散文網(wǎng) » 科技 »學習 » Reinforcement Learning_Code_Temporal Difference Learning_Frozen

Reinforcement Learning_Code_Temporal Difference Learning_Frozen

2023-04-02 22:56 作者:別叫我小紅 0人讀過 | 我要投稿

Here are some terrible code that has lots of redundancy, is not well object-oriented, and has poor results. Hope I can draw a lesson from them in the future.

RESULTS:

Visualizations?of (i) action value tables and optimal actions,?(ii)?changes in?steps and rewards?with?episodes,?and?(iii) animation results are shown below respectively.

(It should be noticed that, for some mistakes, the animation results may differ from those demonstrated by?the action value tables.)

1. Q-Learning (bootstrap, off-policy)

(1) With Epsilon-greedy Explorer

Fig. 1.(1).1. Action value tables and optimal actions with map_size = 4, 7, 9, 11.

Fig. 1.(1).2. Changes in steps and rewards with episodes.

Fig. 1.(1).3. Animation result?with map_size = 4.

Fig. 1.(1).4. Animation result with map_size = 7.

Fig. 1.(1).5. Animation result with map_size = 9.

Fig. 1.(1).6. Animation result with map_size = 11.

(2) With Random Explorer

Fig. 1.(2).1. Action value tables and optimal actions with map_size = 4, 7, 9, 11.

Fig. 1.(2).2. Changes in steps and rewards with episodes.

From the steps results in Fig. 1.(1). 2,?we can see that the average steps number almost does not?decrease?with the episodes. It may be caused by random explorer, who just chooses a random direction when asked to take an action?and ignores?existing?improvements in target policy.

Fig. 1.(2).3. Animation result with map_size = 11.

2.Sarsa (bootstrap, on-policy)

Fig. 2.1. Action value tables and optimal actions with map_size = 4, 7, 9, 11.?

Fig. 2.2. Changes in steps and rewards with episodes.

Fig. 2.3. Animation result with map_size = 11.

3. Sarsa( $%5Clambda%20$ ) (bootstrap, on-policy)
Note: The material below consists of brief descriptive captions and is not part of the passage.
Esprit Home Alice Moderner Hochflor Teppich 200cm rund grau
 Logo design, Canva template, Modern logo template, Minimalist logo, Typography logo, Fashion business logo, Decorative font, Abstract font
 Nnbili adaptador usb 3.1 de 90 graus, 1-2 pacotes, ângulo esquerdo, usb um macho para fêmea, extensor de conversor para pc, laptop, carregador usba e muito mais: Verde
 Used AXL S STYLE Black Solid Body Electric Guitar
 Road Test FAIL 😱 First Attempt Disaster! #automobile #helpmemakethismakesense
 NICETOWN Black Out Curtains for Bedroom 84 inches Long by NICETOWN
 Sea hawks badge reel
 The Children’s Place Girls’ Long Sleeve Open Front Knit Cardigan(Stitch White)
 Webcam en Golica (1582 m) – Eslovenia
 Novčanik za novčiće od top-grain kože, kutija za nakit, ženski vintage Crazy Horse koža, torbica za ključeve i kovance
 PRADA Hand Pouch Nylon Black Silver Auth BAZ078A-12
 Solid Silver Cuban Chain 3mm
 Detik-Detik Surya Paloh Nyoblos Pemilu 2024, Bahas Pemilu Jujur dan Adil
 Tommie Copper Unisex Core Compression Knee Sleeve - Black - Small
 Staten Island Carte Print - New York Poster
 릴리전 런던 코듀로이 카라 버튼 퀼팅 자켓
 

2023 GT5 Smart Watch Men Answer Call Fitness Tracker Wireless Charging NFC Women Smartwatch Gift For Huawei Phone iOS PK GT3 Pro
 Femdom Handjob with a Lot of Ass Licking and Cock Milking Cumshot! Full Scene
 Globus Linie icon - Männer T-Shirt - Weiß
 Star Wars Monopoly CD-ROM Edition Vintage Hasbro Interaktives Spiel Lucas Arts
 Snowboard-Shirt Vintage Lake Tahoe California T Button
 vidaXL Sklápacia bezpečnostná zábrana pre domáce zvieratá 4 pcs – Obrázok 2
Based on Sarsa, Sarsa( $%5Clambda%20$ ) introduces backward view of temporal difference and has an eligibility trace.

Fig. 3.1.? Action value tables and optimal actions with map_size = 4, 7, 9, 11.?

Fig. 3.2. Changes in steps and rewards with episodes.

Fig. 3.3. Animation result with map_size = 11.

4. Monte Carlo (not bootstrap, on-policy)

Fig. 4.1. Action value tables and optimal actions with map_size = 4, 7, 9, 11.?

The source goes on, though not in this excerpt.